Late Summer at Landguard Point

It was a perfect summer day for a short foot-ferry trip from Harwich to Landguard Point…

The Harbour was millpond-still, overseen by huge blue skies and dramatic cloudscapes:

Waves lapped gently on the shingly shores as the port activities clanked softly in the background…

Out on the Common, most  flowering was over, apart from Sea Mayweed and Sticky Groundsel now at their peak …

…  with Rest-harrow erupting from the Rabbit-grazed turf and Yellow Horned-poppies still sending out blooms that flutter in the slightest breeze.
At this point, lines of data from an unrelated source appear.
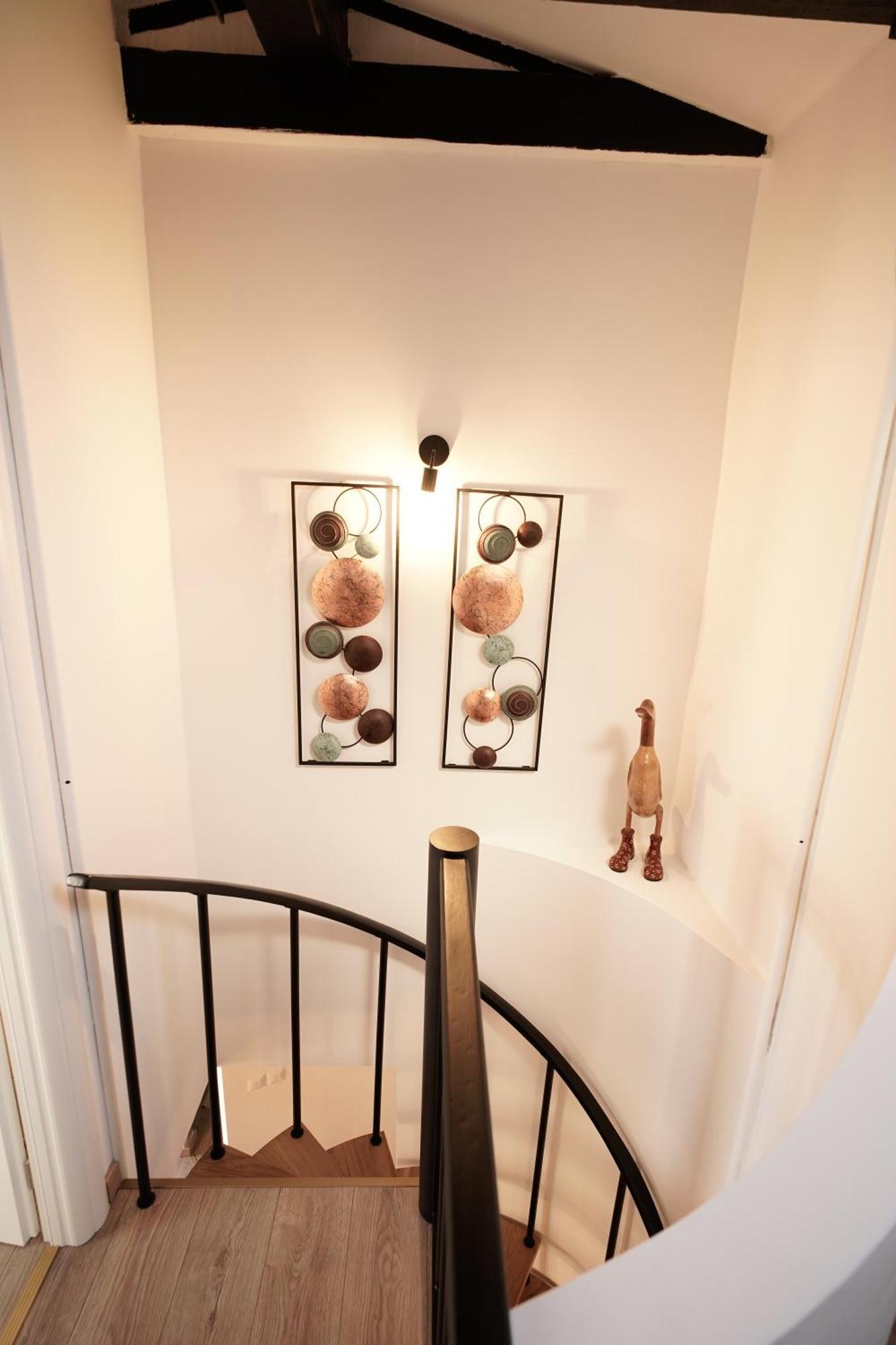 Apartment Rocco Rovinj Kültér fotó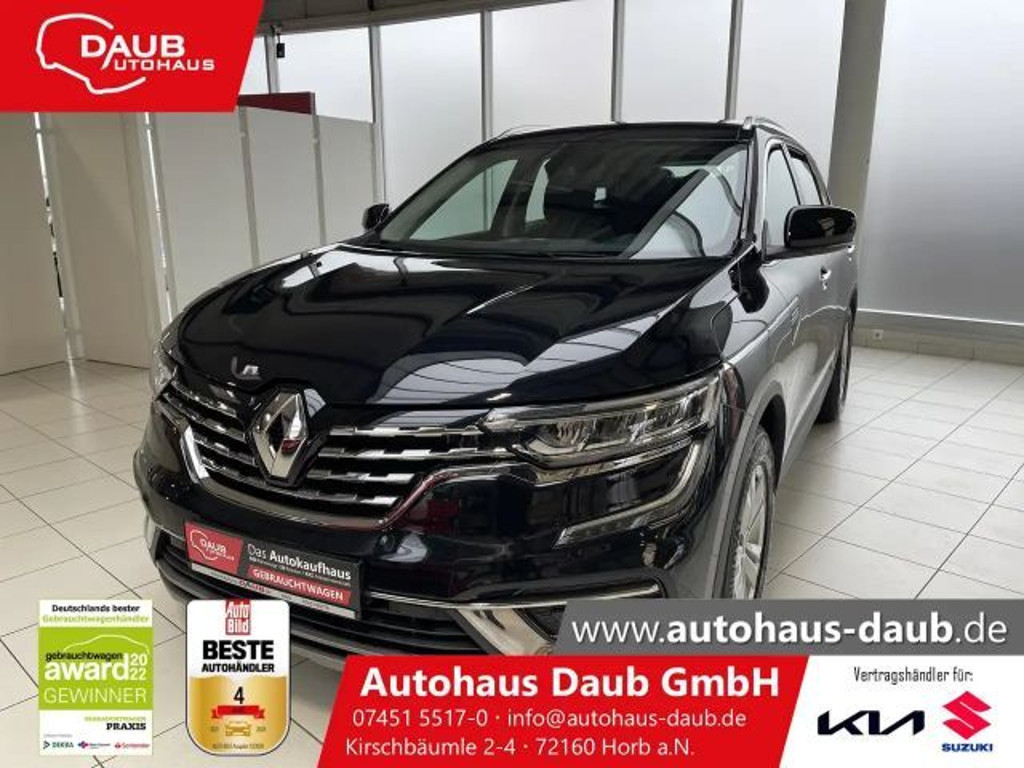 Renault Koleos 2022 Diesel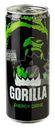 Энергетический напиток, Gorilla, 330 мл, в ассортименте
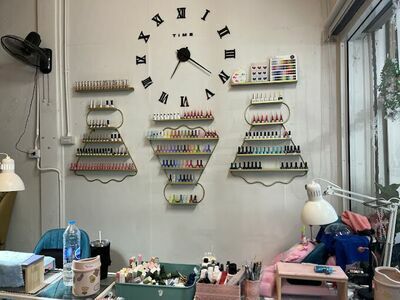 Kamon Massage & Beauty
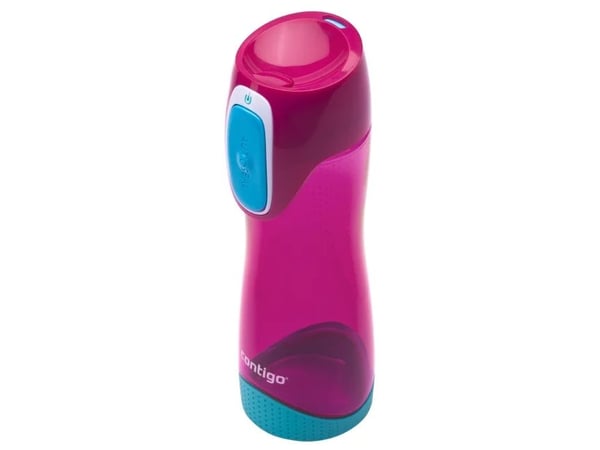 Med deg - Swish Tritan Magenta - 500 ml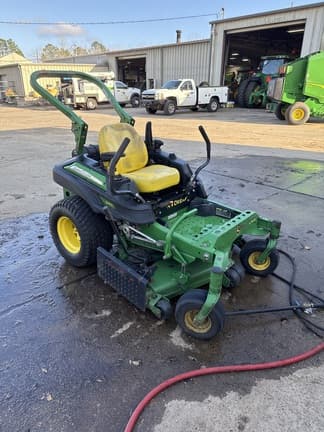 Image of John Deere Z915E equipment image 2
Otherwise it was the fading delights of a floral summer:

Duke-of-Argyll’s Tea-plant, as so often simultaneously flowering and fruiting, its goji berries having survived the depredations of superfood hunters and birds alike:

Some magnificent Robin’s Pincushions, galls caused by tiny wasps, adorned the Dog-roses, while several much larger Sand Wasps were provisioning their nests in the shingle:

A couple of mating Common Blues posed well, although the star insects – Dune Villa fly and Jersey Tiger moth –  were simply too fast in the mounting heat, and evaded the camera.

All this and more, including on the Essex side of the Haven, the mean streets of Harwich, nowadays lined with Shaggy Soldiers, a street-plant that wasn’t there a decade or so ago when we lived in the area…

… and the  biodiverse, bounteous, blooming beauty of brownfields: a magic multicultural mix of species from all over the world, today thronged in Small White butterflies!